2018/2019, Semester 1

School of Business (Analytics & Operations)

Modular Credits: 4

The module starts with basic Python programming. It then walks through Statistics topics from visualizing and summarizing data, to estimating model parameters and hypothesis testing, and to linear regression analysis. For each topic, Python illustrations and experimentations are interwoven inside so as to help students better appreciate statistical theory and also understand how it works in practice. The module finishes with practical issues on acquiring, cleaning, and organizing data using Python. This completes the cycle of data analysis and the students are able to independently execute a basic Data Analytics project.

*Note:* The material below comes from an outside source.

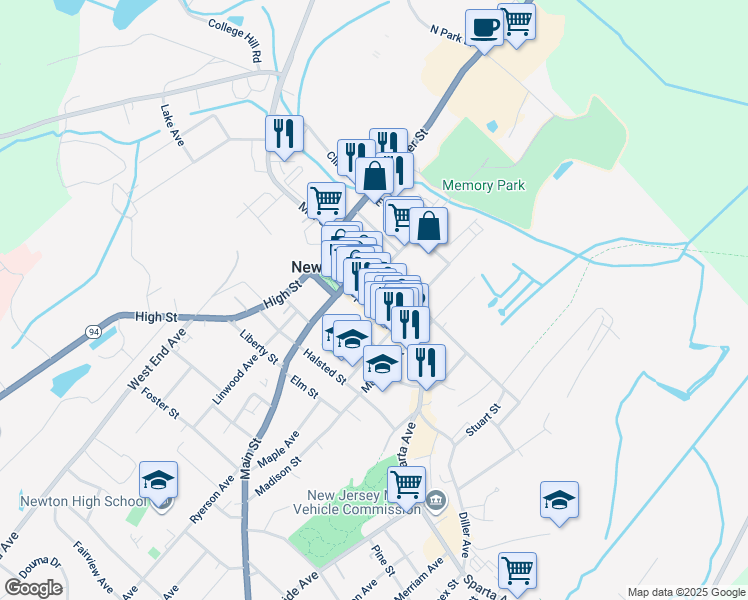 map of restaurants, bars, coffee shops, grocery stores, and more near 145 Spring Street in Newton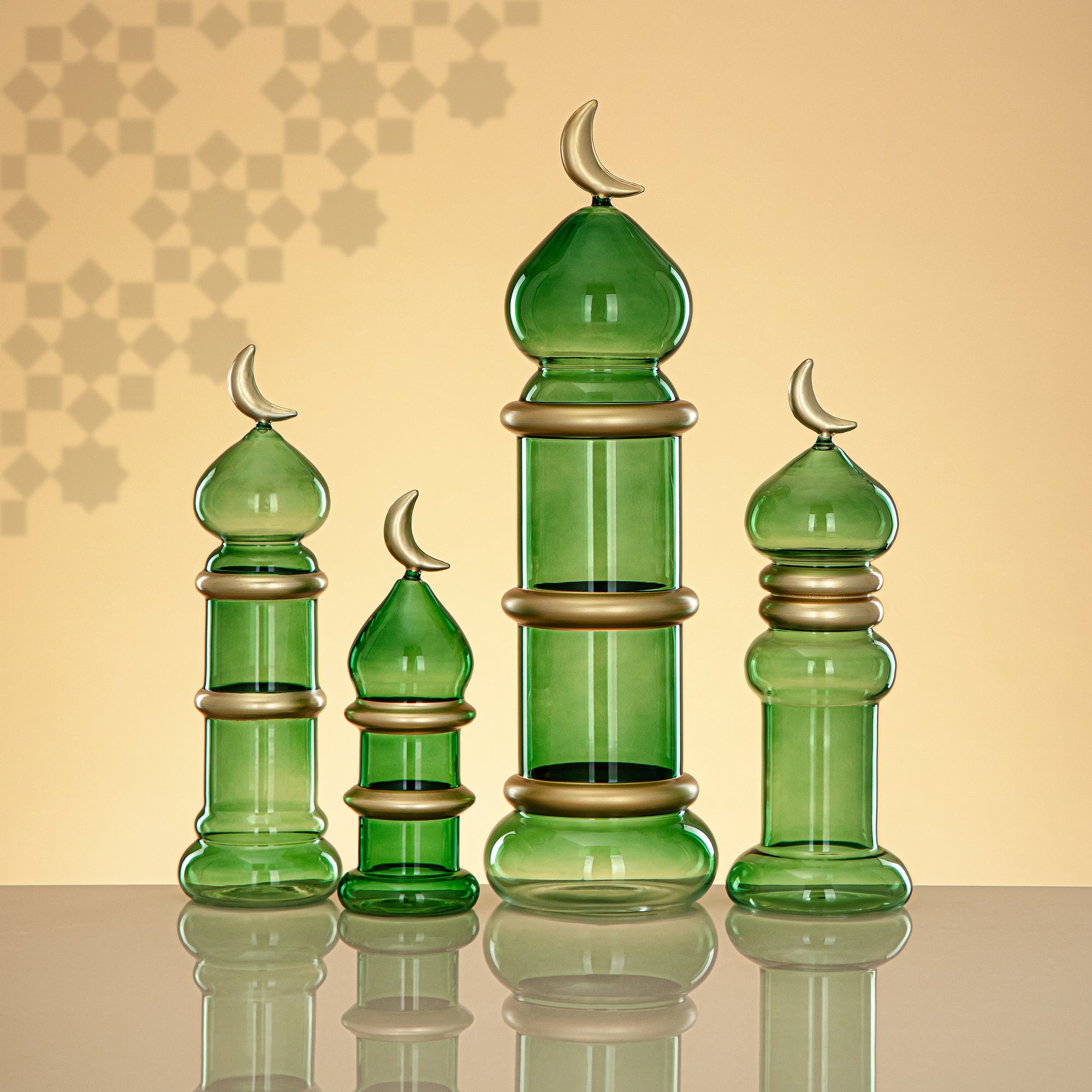 Almarjan Minaret Table Decoration 34cm x 10cm Transparent Green with Golden Lines & Crescent Moon – Noor Al Layali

**Basic Python Programming**- Data Structures
- Flow Control
- Functions and Packages
- Object-Oriented Programming

**Understanding Data and Visualization**- Summary Statistics and Empirical Cumulative Distribution Function
- Data Visualization: Histogram, Scatterplot, Boxplot, Line plot
- Python Implementation: Matplotlib, Seaborn and NumPy packages

**Statistical Concepts and Inference Techniques**- Sampling and Population
- Parameter Estimation
- Confidence Intervals
- Hypothesis Testing

**Linear Regression Analysis**- Model Assumptions and Interpretations
- Categorical Variables and Interaction Effects
- Model Selection

**Advanced Python**- Pandas Package
- Obtaining data from the Internet
- Data Cleaning

As well, several ethical issues will be discussed throughout the whole semester. The specific topics are as follows:

- Ethics for Data Visualization
- Ethics for Data Collection and Analysis
- Ethics for Making Generalization based on Sample Data

Class Participation 10%

Group Project 20%

Take-home Quiz 10%

Assignments 20%